Each benchmark measures **parse + full traversal**: after parsing, every string
value and object key is visited and its length accumulated. This is necessary
for a fair comparison because sonic-rs defers decoding string content until the
value is accessed (lazy evaluation); a parse-only measurement would undercount
its work relative to any real use-case where the parsed data is actually read.

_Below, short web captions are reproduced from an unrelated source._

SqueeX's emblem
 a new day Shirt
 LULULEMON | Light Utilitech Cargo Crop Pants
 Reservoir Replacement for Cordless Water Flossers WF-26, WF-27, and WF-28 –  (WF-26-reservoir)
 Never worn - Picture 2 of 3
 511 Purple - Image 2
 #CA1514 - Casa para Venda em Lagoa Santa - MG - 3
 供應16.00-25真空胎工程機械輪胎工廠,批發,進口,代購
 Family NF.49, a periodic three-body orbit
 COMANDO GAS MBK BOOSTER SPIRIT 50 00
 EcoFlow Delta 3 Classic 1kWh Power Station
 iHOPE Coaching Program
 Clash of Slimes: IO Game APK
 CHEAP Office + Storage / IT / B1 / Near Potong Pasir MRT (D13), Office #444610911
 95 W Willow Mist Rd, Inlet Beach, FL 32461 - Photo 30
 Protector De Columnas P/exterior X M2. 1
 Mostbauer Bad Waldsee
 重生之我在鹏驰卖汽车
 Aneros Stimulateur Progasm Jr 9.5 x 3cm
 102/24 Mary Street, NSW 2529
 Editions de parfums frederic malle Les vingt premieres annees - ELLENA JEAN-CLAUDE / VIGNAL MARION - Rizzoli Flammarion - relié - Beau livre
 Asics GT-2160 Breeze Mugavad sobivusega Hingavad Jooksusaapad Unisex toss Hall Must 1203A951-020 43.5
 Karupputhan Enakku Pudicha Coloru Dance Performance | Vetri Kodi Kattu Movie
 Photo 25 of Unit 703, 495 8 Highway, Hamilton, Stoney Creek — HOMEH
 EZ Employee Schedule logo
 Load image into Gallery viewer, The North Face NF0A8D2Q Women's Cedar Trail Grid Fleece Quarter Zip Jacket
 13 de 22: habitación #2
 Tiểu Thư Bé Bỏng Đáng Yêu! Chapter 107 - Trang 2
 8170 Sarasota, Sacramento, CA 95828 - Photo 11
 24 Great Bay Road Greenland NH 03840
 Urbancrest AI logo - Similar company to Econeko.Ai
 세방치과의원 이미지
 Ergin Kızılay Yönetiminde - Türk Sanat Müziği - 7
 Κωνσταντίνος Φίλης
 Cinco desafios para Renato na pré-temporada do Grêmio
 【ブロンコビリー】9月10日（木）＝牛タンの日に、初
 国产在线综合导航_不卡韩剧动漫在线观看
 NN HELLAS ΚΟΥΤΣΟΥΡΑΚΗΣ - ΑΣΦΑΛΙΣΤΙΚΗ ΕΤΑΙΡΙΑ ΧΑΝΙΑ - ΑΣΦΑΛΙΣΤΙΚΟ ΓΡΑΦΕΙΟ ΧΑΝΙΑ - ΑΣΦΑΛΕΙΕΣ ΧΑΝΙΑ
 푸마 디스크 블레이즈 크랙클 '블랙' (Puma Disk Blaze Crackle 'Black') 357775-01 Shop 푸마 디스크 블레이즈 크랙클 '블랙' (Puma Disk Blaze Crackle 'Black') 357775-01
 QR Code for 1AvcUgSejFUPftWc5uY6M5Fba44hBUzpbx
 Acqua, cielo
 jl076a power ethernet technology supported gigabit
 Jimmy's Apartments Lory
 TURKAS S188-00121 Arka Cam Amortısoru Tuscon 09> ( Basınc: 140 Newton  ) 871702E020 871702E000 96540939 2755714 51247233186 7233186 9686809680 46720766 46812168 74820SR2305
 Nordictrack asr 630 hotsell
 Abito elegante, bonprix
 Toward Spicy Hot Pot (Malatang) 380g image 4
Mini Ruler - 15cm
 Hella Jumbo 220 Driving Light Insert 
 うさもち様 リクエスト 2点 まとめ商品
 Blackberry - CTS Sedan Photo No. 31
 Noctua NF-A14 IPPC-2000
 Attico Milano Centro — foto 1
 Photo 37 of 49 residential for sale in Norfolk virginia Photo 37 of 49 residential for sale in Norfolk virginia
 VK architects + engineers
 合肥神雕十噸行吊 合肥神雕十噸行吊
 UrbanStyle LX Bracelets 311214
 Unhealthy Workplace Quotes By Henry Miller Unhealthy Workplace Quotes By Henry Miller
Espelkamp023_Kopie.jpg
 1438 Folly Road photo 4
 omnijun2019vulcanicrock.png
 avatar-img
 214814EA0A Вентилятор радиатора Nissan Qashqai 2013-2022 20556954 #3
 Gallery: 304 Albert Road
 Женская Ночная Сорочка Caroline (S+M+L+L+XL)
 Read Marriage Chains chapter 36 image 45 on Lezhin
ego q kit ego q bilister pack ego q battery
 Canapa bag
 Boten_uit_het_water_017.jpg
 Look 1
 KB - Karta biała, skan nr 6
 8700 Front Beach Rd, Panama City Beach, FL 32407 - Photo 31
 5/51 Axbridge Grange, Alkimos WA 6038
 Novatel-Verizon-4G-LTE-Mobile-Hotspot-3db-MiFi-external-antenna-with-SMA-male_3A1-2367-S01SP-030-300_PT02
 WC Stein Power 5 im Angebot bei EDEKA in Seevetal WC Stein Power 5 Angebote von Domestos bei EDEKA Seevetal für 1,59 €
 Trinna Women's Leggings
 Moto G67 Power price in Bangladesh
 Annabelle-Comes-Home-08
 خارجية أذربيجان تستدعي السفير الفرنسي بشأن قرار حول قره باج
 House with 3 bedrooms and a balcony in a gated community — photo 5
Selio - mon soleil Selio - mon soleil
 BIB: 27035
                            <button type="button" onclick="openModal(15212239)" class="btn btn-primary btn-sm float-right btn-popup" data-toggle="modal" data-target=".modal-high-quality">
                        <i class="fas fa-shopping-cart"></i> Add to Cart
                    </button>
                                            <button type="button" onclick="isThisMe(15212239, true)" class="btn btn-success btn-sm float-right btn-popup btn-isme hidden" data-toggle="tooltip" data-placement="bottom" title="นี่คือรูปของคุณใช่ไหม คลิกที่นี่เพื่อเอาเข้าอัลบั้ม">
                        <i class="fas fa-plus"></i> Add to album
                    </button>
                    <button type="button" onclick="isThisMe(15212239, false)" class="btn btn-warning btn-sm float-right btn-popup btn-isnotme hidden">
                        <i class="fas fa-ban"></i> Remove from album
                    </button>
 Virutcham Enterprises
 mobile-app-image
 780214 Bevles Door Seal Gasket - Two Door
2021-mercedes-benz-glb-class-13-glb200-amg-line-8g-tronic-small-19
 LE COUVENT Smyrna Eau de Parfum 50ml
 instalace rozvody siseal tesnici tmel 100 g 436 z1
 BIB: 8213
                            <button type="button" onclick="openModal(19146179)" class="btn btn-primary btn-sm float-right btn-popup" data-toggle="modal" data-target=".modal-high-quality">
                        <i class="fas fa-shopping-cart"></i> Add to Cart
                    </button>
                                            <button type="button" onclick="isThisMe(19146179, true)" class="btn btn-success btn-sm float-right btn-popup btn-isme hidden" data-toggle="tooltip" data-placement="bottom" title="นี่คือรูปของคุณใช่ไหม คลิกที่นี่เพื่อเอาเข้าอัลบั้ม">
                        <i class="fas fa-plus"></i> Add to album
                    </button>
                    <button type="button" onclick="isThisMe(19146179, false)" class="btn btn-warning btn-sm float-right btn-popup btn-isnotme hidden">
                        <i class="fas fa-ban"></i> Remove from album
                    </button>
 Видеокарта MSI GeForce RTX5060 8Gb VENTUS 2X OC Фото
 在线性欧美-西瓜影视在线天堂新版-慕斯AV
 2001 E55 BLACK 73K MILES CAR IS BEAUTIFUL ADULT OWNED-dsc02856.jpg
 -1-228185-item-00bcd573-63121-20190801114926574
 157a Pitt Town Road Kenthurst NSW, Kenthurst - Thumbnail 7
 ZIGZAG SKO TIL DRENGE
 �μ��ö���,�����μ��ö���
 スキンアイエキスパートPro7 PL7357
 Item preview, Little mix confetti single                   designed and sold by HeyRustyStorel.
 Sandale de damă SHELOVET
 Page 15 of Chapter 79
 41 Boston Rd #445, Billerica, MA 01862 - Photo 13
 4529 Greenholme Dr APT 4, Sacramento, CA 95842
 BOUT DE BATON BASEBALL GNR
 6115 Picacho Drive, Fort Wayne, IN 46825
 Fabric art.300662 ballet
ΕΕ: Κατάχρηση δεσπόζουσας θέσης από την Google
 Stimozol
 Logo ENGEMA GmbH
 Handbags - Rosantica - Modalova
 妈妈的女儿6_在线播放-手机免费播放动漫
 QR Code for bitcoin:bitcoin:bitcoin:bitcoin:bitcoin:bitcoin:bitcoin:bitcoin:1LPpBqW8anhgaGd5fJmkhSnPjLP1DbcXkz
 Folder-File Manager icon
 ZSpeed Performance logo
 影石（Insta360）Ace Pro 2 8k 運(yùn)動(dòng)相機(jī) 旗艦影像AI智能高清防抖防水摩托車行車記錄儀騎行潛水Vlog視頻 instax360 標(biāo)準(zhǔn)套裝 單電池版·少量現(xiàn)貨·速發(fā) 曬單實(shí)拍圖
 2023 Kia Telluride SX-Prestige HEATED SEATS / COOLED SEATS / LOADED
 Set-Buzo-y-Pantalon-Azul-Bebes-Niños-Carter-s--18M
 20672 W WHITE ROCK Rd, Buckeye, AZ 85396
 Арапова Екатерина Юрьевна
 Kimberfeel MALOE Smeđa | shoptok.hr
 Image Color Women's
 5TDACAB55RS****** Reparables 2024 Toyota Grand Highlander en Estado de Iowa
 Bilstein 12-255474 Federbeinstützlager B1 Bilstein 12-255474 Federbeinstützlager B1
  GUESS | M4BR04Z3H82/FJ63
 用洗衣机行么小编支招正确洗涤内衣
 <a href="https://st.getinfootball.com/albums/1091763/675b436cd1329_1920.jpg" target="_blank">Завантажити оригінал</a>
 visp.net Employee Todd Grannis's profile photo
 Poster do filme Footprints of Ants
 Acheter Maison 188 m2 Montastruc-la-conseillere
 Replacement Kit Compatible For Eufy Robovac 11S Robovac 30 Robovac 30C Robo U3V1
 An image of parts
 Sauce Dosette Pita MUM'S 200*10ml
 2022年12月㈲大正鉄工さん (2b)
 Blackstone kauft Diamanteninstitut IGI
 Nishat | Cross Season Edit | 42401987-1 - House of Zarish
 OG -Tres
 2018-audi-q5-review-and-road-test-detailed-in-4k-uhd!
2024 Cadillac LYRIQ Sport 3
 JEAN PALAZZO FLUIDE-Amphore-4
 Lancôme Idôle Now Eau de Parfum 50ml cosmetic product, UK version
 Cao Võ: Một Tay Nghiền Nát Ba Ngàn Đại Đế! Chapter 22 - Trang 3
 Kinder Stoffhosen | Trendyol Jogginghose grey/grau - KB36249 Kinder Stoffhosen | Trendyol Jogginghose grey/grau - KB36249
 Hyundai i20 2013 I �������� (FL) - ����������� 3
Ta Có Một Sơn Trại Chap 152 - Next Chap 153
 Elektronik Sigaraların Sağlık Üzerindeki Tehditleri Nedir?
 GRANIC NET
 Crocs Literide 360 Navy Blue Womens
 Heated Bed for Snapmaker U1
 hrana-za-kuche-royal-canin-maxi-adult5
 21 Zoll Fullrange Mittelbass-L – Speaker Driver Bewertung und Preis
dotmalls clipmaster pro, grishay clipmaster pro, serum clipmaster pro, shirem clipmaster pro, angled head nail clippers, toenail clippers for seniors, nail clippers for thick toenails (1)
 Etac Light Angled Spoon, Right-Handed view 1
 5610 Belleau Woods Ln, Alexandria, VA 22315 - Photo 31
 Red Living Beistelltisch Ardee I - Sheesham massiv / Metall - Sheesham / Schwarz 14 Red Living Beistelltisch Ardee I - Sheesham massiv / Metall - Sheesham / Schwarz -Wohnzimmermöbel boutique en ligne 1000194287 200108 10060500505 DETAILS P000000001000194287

| asmjson zmm tape | 10.81 GiB/s | 7.15 GiB/s | 905 MiB/s |
| asmjson zmm | 8.64 GiB/s | 6.27 GiB/s | 672 MiB/s |
| sonic-rs | 7.11 GiB/s | 4.04 GiB/s | 475 MiB/s |
| asmjson u64 | 7.10 GiB/s | 4.93 GiB/s | 636 MiB/s |
| serde_json | 2.43 GiB/s | 535 MiB/s | 83 MiB/s |
asmjson zmm tape leads across all three workloads. It writes a flat
`TapeEntry` array in the assembly parser itself — one pointer-sized entry per
value — so structural traversal is a single linear scan with no pointer
chasing. The baseline asmjson zmm parser also leads on string-dominated
workloads; the portable `u64` SWAR classifier is neck-and-neck with sonic-rs
on string arrays despite using no SIMD instructions, and beats it on string
objects. sonic-rs narrows the gap on mixed JSON through its lazy string
decoding, but zmm tape still leads by 90 %.
## Conformance note
asmjson is slightly permissive: its classifier treats **any byte with value
`< 0x20`** (i.e. all C0 control characters) as whitespace, rather than
strictly the four characters the JSON specification allows (`0x09` HT, `0x0A`
LF, `0x0D` CR, `0x20` SP). Well-formed JSON is parsed identically; input
that embeds bare control characters other than the four legal ones will be
accepted where a strict parser would reject it.
## License
MIT — see [LICENSE](https://github.com/andy-thomason/asmjson/blob/master/LICENSE).
For internals documentation (state machine annotation, register allocation,
design decisions) see [doc/dev.md](doc/dev.md).